BEGIN Data supplied
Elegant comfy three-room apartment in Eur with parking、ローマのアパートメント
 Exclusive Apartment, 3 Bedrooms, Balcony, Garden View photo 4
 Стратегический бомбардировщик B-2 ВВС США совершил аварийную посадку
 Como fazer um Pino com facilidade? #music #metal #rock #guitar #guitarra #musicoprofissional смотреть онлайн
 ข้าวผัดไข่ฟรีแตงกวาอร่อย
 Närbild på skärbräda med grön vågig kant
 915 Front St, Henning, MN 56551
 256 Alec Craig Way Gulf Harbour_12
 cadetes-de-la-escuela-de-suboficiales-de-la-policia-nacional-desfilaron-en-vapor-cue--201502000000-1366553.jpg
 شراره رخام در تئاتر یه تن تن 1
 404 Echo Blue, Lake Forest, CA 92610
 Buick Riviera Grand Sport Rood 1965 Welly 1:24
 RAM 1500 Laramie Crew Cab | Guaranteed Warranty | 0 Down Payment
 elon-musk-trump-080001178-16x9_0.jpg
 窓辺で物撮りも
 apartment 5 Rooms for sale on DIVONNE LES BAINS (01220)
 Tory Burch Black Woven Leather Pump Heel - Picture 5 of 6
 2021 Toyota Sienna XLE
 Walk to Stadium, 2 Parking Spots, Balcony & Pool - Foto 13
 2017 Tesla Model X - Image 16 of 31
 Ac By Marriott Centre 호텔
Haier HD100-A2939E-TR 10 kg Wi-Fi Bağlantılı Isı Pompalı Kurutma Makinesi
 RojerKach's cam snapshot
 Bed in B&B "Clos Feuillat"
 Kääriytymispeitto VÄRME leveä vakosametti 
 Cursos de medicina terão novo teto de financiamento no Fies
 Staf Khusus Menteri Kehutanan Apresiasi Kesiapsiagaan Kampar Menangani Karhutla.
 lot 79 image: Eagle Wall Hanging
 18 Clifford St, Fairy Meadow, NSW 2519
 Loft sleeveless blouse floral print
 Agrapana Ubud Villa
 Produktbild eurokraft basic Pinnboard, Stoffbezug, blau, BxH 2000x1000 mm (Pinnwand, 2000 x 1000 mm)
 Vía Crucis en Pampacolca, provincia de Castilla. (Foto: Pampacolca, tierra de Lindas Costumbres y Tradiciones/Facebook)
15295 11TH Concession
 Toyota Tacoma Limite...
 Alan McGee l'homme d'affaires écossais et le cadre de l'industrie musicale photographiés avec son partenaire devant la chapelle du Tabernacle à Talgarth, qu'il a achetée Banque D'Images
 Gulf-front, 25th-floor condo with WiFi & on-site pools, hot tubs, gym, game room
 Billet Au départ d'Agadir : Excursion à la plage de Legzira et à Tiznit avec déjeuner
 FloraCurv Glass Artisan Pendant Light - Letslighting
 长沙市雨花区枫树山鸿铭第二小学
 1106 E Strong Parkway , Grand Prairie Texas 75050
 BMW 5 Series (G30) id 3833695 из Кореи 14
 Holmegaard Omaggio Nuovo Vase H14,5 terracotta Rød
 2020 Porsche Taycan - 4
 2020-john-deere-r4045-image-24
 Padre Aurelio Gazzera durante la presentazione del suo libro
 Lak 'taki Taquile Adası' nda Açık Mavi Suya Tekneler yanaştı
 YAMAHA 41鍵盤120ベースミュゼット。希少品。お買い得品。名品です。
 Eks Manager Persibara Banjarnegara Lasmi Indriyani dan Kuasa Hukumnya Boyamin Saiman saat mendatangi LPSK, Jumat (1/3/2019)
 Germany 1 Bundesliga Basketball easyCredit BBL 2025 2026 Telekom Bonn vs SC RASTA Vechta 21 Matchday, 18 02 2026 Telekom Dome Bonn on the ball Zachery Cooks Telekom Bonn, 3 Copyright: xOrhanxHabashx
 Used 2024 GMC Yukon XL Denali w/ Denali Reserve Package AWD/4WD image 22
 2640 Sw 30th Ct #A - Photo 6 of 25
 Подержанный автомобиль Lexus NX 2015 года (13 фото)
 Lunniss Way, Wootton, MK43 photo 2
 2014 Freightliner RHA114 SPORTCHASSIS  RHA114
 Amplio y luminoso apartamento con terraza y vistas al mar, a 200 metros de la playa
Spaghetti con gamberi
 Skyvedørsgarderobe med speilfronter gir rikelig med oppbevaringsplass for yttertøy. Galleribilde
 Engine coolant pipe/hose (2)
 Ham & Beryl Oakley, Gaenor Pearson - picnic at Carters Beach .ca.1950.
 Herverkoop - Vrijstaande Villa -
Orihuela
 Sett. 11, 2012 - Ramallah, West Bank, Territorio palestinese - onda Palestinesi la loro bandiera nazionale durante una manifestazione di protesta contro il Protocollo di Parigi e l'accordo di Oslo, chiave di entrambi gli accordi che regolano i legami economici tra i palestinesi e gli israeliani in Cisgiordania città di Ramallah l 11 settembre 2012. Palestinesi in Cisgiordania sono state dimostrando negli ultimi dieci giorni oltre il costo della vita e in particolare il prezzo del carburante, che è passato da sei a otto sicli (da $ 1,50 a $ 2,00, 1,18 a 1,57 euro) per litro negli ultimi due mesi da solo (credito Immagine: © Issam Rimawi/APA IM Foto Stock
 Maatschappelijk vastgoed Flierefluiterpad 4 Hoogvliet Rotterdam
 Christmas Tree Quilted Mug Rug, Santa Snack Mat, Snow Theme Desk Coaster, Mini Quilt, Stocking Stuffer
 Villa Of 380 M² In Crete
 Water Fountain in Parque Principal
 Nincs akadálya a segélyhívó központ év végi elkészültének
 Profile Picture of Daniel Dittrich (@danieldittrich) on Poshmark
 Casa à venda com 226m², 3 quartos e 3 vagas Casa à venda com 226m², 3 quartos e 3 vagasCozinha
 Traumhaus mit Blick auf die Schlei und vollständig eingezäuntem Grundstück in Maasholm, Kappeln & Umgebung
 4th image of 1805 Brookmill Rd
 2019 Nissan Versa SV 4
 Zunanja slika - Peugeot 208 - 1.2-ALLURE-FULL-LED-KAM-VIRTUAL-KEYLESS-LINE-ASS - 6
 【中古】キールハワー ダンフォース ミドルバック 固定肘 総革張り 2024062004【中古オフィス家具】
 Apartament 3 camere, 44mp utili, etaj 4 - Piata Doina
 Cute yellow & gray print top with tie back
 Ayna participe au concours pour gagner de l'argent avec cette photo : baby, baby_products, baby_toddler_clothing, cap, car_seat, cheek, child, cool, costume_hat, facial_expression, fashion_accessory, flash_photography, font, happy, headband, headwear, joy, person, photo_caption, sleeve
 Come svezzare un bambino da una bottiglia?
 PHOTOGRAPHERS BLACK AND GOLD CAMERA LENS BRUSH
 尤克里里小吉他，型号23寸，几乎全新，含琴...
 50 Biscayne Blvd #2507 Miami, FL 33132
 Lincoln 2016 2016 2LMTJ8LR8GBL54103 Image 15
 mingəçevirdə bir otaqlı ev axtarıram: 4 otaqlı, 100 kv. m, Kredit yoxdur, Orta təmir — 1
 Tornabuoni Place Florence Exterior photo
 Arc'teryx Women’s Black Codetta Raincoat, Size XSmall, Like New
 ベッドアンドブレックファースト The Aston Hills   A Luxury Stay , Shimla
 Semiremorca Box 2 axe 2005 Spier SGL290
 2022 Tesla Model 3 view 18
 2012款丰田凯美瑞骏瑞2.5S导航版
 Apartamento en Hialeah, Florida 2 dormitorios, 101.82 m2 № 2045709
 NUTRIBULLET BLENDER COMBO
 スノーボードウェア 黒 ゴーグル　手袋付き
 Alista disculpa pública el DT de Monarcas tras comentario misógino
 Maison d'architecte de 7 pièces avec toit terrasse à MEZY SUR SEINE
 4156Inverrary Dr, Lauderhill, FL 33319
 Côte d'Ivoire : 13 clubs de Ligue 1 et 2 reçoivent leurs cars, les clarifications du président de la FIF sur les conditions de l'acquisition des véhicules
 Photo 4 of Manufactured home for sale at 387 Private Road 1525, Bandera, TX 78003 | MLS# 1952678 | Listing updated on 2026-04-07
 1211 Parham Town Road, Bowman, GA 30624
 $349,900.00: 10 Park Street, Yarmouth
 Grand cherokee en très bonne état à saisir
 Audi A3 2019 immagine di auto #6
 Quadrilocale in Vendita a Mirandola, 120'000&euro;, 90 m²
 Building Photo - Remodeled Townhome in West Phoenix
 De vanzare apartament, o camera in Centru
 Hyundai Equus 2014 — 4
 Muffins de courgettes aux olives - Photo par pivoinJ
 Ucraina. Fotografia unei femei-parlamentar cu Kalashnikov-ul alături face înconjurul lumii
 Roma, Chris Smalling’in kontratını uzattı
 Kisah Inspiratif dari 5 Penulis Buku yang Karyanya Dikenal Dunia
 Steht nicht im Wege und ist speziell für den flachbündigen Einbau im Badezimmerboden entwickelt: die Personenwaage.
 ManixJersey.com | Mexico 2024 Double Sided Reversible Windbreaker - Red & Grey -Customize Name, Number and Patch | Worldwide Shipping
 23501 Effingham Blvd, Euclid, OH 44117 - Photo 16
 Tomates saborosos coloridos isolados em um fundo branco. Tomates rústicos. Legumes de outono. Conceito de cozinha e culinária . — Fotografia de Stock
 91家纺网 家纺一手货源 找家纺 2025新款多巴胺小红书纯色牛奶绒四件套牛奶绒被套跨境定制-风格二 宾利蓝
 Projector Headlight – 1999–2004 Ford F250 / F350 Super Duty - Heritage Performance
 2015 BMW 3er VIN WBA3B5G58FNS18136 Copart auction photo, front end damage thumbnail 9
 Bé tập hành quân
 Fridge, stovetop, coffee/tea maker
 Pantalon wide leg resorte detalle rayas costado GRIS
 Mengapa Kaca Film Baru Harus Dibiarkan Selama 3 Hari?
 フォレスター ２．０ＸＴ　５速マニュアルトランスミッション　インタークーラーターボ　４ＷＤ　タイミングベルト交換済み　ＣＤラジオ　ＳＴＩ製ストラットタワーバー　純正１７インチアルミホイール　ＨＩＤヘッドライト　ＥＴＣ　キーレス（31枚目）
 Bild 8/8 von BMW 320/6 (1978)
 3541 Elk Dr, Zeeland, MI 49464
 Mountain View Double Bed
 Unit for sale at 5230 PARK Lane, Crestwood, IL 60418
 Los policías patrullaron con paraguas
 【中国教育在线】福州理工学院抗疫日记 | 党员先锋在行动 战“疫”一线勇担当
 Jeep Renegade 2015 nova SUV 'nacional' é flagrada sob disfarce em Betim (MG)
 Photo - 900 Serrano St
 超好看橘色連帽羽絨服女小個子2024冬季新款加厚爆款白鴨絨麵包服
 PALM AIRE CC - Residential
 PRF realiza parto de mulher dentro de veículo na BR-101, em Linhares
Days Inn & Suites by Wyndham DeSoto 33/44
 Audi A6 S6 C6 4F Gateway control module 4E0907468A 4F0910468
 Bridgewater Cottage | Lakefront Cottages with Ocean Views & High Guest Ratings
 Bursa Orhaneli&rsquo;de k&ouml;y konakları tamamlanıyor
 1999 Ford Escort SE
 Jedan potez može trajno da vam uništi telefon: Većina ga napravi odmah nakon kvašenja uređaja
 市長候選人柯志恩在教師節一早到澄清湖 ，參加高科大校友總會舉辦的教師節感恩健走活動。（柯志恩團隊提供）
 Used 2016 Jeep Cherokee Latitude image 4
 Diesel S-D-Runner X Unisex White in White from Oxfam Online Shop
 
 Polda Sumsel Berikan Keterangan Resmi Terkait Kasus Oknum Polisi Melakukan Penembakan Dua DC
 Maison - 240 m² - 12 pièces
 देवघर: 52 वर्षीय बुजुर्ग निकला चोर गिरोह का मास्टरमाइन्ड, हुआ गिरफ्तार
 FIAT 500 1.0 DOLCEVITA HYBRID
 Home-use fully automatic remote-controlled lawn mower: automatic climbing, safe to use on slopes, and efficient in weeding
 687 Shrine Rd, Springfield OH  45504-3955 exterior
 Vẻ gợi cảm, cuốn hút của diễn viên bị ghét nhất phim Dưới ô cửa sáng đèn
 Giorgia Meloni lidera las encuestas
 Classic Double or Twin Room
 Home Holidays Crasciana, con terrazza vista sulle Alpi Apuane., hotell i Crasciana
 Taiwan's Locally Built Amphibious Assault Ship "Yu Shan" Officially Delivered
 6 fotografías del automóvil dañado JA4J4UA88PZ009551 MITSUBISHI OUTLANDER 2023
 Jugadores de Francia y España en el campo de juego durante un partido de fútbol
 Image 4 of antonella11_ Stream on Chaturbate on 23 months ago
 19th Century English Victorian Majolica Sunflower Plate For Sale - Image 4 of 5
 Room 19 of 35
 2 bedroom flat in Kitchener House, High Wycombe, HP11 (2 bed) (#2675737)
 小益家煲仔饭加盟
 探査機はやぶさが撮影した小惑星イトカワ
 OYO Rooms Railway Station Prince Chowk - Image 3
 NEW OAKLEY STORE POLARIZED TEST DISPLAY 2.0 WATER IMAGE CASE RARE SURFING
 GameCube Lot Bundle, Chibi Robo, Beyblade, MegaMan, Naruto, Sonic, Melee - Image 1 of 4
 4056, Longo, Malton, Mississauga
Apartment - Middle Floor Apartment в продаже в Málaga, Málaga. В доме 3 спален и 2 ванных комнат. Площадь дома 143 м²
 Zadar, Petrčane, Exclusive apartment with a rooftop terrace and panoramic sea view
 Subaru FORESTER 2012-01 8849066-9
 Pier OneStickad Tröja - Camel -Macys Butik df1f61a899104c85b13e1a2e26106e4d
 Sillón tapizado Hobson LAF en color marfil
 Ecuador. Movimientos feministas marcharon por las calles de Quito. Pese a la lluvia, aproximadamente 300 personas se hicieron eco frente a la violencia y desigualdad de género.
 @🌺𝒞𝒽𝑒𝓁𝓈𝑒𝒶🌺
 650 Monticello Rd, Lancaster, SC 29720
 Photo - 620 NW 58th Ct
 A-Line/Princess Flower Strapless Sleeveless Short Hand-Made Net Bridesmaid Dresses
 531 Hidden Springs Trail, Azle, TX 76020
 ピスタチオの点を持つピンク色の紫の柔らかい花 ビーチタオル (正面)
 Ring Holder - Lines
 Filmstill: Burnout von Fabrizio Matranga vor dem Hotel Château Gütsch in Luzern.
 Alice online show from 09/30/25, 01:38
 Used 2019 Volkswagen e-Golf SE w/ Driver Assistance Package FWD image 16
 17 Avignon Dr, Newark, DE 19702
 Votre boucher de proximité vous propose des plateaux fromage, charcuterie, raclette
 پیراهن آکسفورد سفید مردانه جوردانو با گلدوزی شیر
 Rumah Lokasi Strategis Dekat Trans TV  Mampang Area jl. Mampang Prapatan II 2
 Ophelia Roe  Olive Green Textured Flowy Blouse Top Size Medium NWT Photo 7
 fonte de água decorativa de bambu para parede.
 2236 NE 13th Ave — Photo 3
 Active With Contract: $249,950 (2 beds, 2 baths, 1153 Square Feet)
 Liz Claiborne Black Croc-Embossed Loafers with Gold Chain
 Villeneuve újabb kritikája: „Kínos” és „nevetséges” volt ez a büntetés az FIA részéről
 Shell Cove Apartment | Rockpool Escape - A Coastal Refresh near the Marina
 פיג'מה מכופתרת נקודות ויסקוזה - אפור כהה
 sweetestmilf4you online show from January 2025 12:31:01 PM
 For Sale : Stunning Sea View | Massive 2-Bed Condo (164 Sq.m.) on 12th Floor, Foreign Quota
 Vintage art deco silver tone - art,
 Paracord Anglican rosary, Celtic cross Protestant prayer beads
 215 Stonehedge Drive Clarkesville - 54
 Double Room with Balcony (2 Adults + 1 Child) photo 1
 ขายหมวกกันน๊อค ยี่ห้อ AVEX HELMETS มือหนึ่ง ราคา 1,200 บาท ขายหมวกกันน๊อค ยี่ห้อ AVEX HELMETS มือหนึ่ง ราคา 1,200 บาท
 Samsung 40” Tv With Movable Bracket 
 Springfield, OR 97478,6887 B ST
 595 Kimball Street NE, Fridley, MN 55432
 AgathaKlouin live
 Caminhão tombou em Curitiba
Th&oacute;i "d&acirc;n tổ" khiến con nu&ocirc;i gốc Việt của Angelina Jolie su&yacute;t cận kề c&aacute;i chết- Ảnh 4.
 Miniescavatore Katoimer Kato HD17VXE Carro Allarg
END Data supplied
The problem: Give again, exactly as written, every line from the first one above through the line that has "Walk to Stadium, 2" in it.

Expected answer:
Elegant comfy three-room apartment in Eur with parking、ローマのアパートメント
 Exclusive Apartment, 3 Bedrooms, Balcony, Garden View photo 4
 Стратегический бомбардировщик B-2 ВВС США совершил аварийную посадку
 Como fazer um Pino com facilidade? #music #metal #rock #guitar #guitarra #musicoprofissional смотреть онлайн
 ข้าวผัดไข่ฟรีแตงกวาอร่อย
 Närbild på skärbräda med grön vågig kant
 915 Front St, Henning, MN 56551
 256 Alec Craig Way Gulf Harbour_12
 cadetes-de-la-escuela-de-suboficiales-de-la-policia-nacional-desfilaron-en-vapor-cue--201502000000-1366553.jpg
 شراره رخام در تئاتر یه تن تن 1
 404 Echo Blue, Lake Forest, CA 92610
 Buick Riviera Grand Sport Rood 1965 Welly 1:24
 RAM 1500 Laramie Crew Cab | Guaranteed Warranty | 0 Down Payment
 elon-musk-trump-080001178-16x9_0.jpg
 窓辺で物撮りも
 apartment 5 Rooms for sale on DIVONNE LES BAINS (01220)
 Tory Burch Black Woven Leather Pump Heel - Picture 5 of 6
 2021 Toyota Sienna XLE
 Walk to Stadium, 2 Parking Spots, Balcony & Pool - Foto 13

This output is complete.